The Conservatoire Serge Rachmaninoff de Paris (English translation: Sergei Rachmaninoff Conservatory of Paris) is a professional music school in Paris, which conducts its courses in both French and Russian.

The Conservatoire offers individual instruction in voice and in the standard Western classical musical instruments, as well as in the balalaika and the clarinet in the klezmer and Roma traditions. For studies in music theory, composition, analysis, music history, or theatre (Stanislavski System), pupils attend classes together in groups.

==History==
The Conservatoire was established between 1923 and 1931 by some of the most illustrious émigré professors from the music schools of Imperial Russia, who included Feodor Chaliapin, Alexander Glazunov, Alexander Gretchaninov, and Sergei Rachmaninoff. Rachmaninoff was the institution's first honorary president and later became its namesake.

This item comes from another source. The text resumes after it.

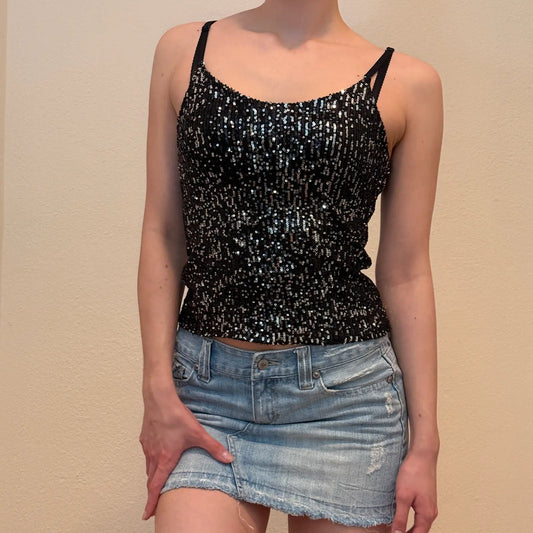 Black Sequin Camisole – Vintage Y2K Party Tank Top (S)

The first Director of the Conservatoire, was invited Serge Wolkonsky. Then the directors were elected alternately Nikolai Tcherepnin, composer Pavel Kovalev (1946—1951), composer Arkadj Ougritchitch-Trebinsky (1951—1952), Vladimir Pol etc.

Among the first teachers: Russian musicians Feodor Chaliapin, Nikolai Tcherepnin, Nikolay Kedrov Sr., his wife Sofia Gladkaya (Lila Kedrova's parents), Nikolai Medtner, Alexandra Jacovleva (sister of Alexandre Jacovleff), Yelena Terian-Korganova, Nicolas Zverev, Serge Lifar, Varvara Strakhova, famed brothers Julius Conus, George Conus, and Leon Conus, Marya Slavina etc.

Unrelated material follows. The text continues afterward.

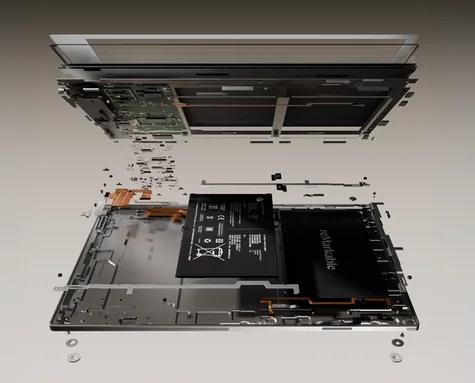 An exploded render of all the components inside a reMarkable Paper Pro.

In 1931, the newly constituted Société musicale russe de France took over the management of the Conservatoire, with the intention of continuing the work of the Russian Musical Society founded in Saint Petersburg in 1859.

Since 1932, the Conservatoire has regularly hosted concerts by prestigious musicians from across the globe, among them Vladimir Horowitz, Nathan Milstein, Gregor Piatigorsky, and Alexander Borovsky. Recognized as a public benefit organization (utilité publique) in 1983, the Société musicale russe de France presided by Count Pierre Sheremetev

From 2011, classical pianist Elizabeth Sombart taught at the Conservatoire.